→ **Work to complete**
All entries below must be retyped exactly, though pictures are to be skipped.

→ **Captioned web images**

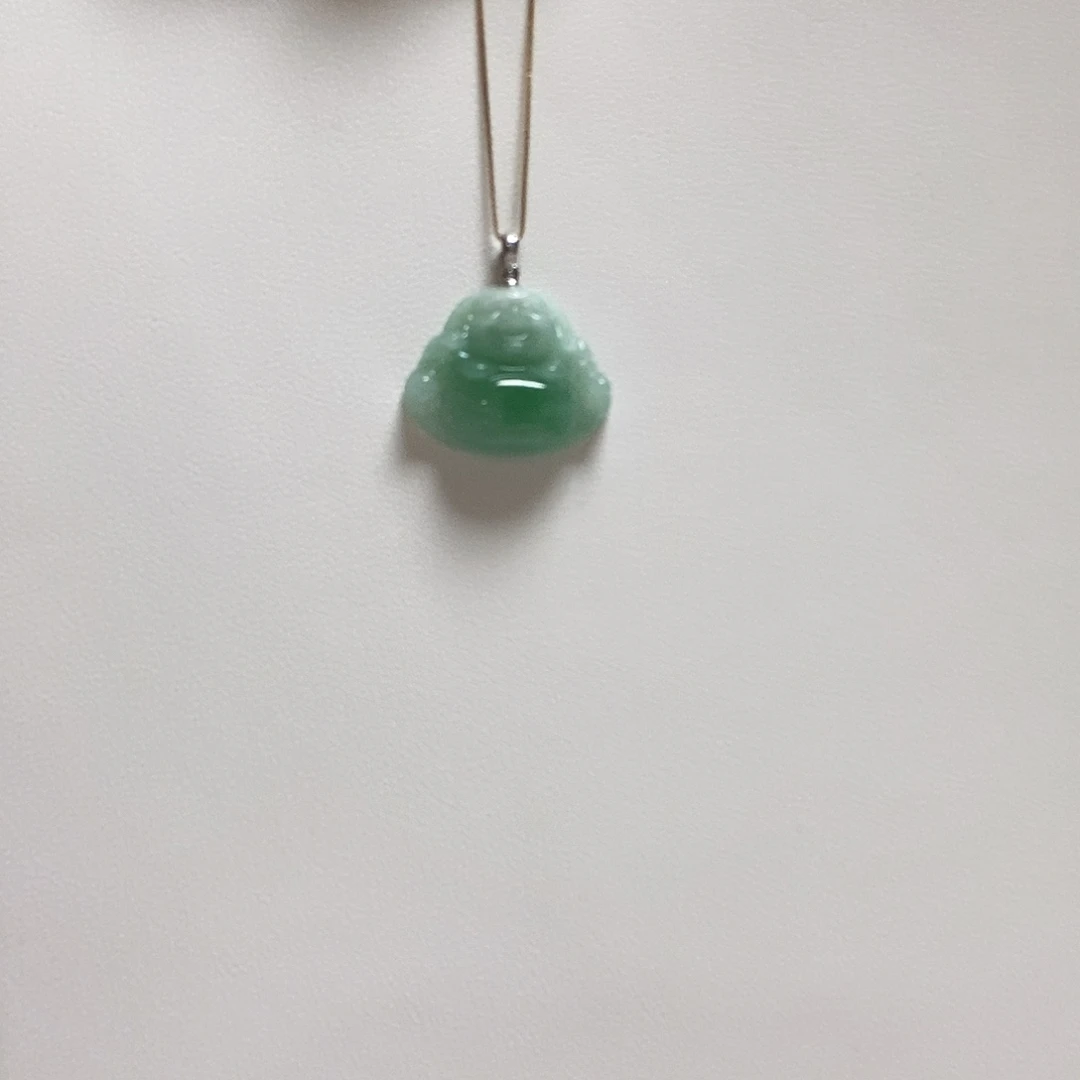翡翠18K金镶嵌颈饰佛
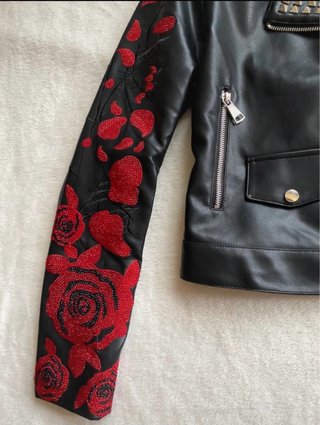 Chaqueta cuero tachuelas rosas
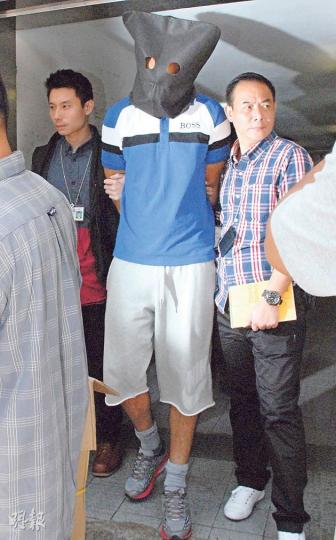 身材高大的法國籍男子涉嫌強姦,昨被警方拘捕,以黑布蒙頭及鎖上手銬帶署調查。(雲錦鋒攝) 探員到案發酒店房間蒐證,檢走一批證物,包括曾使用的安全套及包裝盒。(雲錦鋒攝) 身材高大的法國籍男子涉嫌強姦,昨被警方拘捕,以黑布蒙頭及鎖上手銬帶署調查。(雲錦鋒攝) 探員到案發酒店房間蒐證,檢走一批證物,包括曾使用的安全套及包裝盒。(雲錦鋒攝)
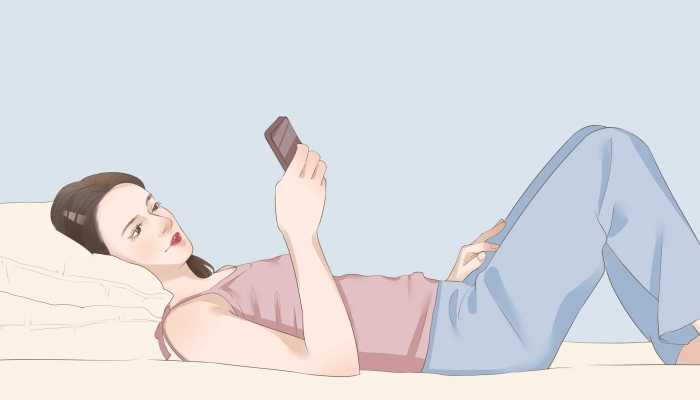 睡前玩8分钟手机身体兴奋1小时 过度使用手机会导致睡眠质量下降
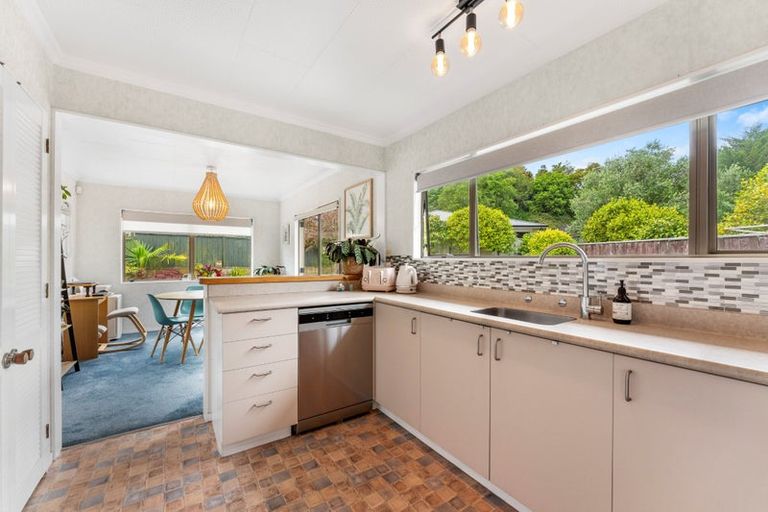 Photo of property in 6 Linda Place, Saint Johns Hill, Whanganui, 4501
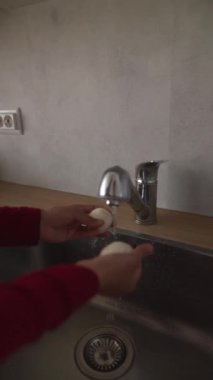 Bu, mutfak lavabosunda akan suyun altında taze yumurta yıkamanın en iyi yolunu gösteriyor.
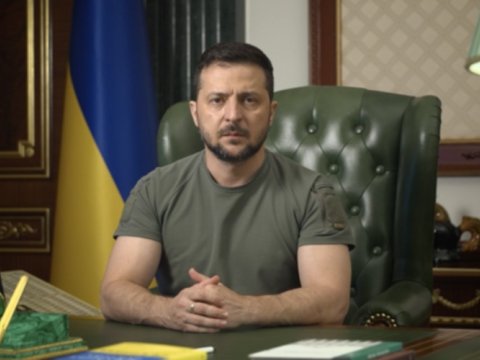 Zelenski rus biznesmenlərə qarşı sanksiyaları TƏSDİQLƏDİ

→ **Answer space**
翡翠18K金镶嵌颈饰佛
 Chaqueta cuero tachuelas rosas
 身材高大的法國籍男子涉嫌強姦,昨被警方拘捕,以黑布蒙頭及鎖上手銬帶署調查。(雲錦鋒攝) 探員到案發酒店房間蒐證,檢走一批證物,包括曾使用的安全套及包裝盒。(雲錦鋒攝) 身材高大的法國籍男子涉嫌強姦,昨被警方拘捕,以黑布蒙頭及鎖上手銬帶署調查。(雲錦鋒攝) 探員到案發酒店房間蒐證,檢走一批證物,包括曾使用的安全套及包裝盒。(雲錦鋒攝)
 睡前玩8分钟手机身体兴奋1小时 过度使用手机会导致睡眠质量下降
 Photo of property in 6 Linda Place, Saint Johns Hill, Whanganui, 4501
 Bu, mutfak lavabosunda akan suyun altında taze yumurta yıkamanın en iyi yolunu gösteriyor.
 Zelenski rus biznesmenlərə qarşı sanksiyaları TƏSDİQLƏDİ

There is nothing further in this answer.